# My new kitten and fish - looking for advice



## Zippy2014 (May 4, 2015)

I'm looking for advice from cat people. I haven't had a cat in years. I understand dogs a lot better lol

Anyway, I'm concerned she is scaring my fish. She hasn't caused too much trouble. Mostly she just sits and looks at them. The lids are secure. The worst she's done so far is get the lid off the aquaclear filter. I can secure that as well with some tape. 

My biggest concern is the stress it will cause the betts. That being said, considering they are in the same place all the time, maybe a little excitement is good for them ?

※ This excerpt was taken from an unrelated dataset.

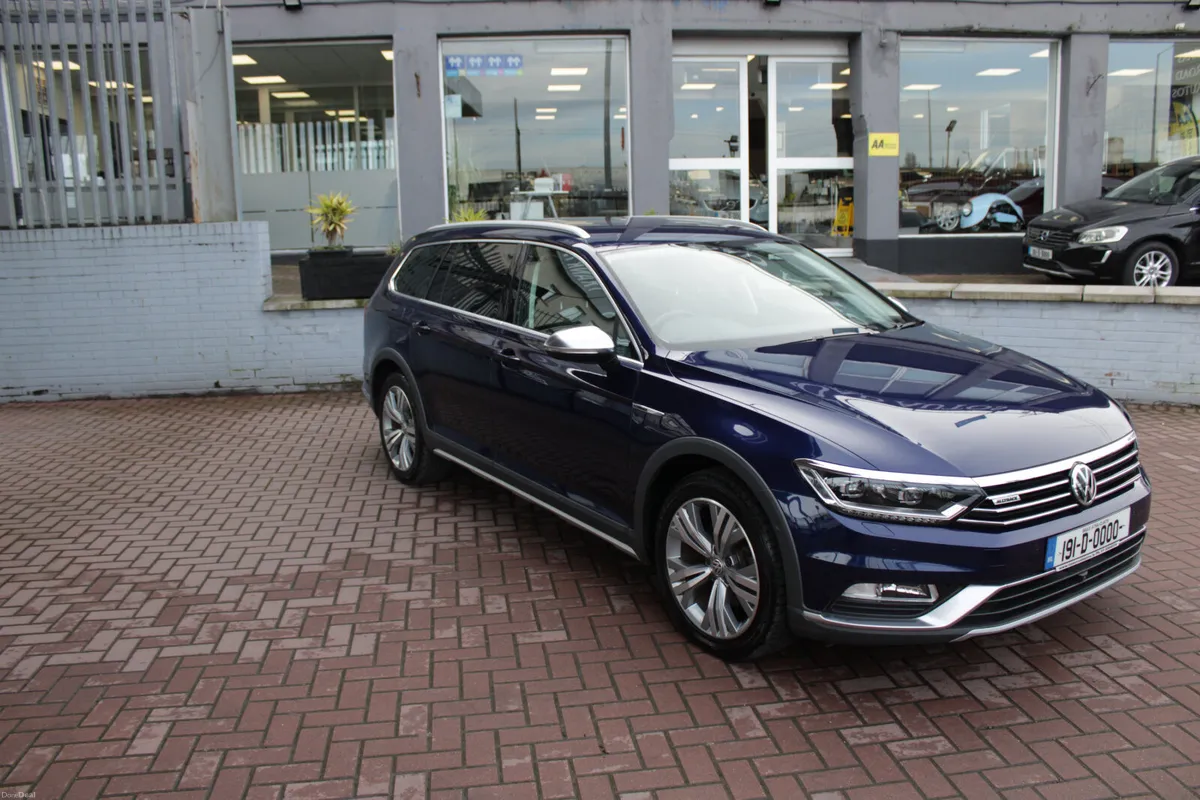 2019 VW PASSAT ALLTRACK - Image 1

I'm not sure. How concerned should I be about this? I know they tend to hide when she is sitting watching them.


----------



## SplashyBetta (Jul 28, 2014)

Are the bettas showing stress stripes? Do they seem traumatized after the kitten goes away?


----------



## ohBry (Nov 19, 2014)

None of my fish seem bothered by my cats. I have a tank on the bottom shelf of a stand that's mainly used for getting plants started/ healthy before I put them in one of the other tanks. I don't keep a lid on this tank and my cats don't bother with it much at all. They'll sit in front of it and watch the betta, but that's about it. The betta doesn't seem bothered, he comes right to the front as if he's taunting them. Cats are very curious and in time your cat will probably find a better source of entertainment. Just make sure she has her own toys and gets enough attention. As long as the lids are secure (not just in case she can push them off, but in case she climbs on top of them) and there are no wires for her to chew on, everything should be alright.


----------



## Zippy2014 (May 4, 2015)

Thanks for the thoughts. No stress stripes, that would be a dead give away. I just notice they stay away from the side of the tank where the cat is. So I guess it's not too stressful.

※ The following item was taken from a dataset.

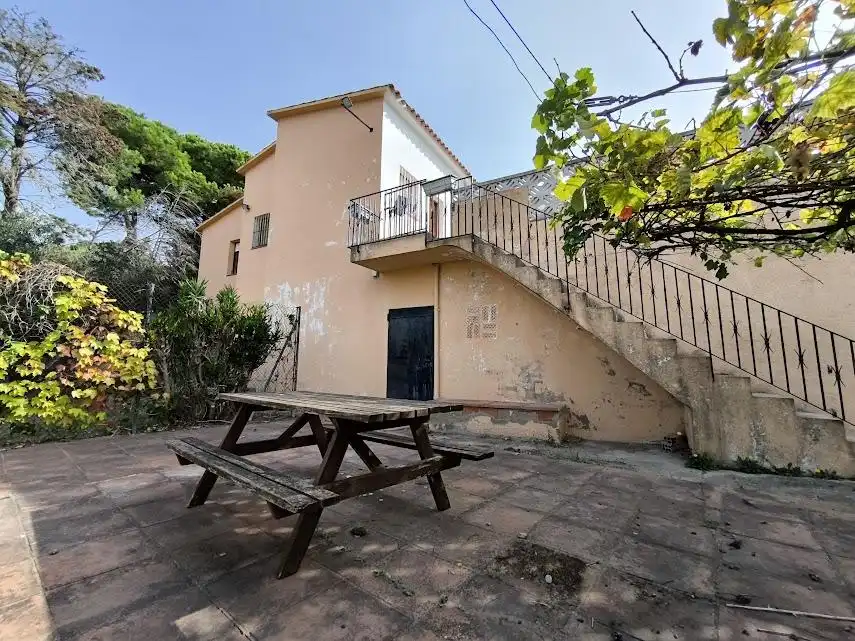 Vista exterior de Casa o xalet en venda en Lloret de Mar amb Calefacció, Terrassa i Traster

Yes, the tanks are secure. No problem there. Lately I've noticed the cat will just watch the tank, like it's a tv lol


----------



## AccaliaJay (Feb 5, 2015)

They should be fine. Unless shes actually trying her hardest to get into the tank then theres nothing to worry about. My cat has done alot worse to my betta Blaze. Which includes knocking his 1 gallon off the stand. And when I had to tape another lid on his other tank down because she was getting it off and the only other way for her to get to him was through the feeding hole but she only decorated that way. Now hes in a 5 gallon. She can't get to him at all. Its kinda funny watching her like trying to paw at the walls. And shes always there to watch me when I clean them.


----------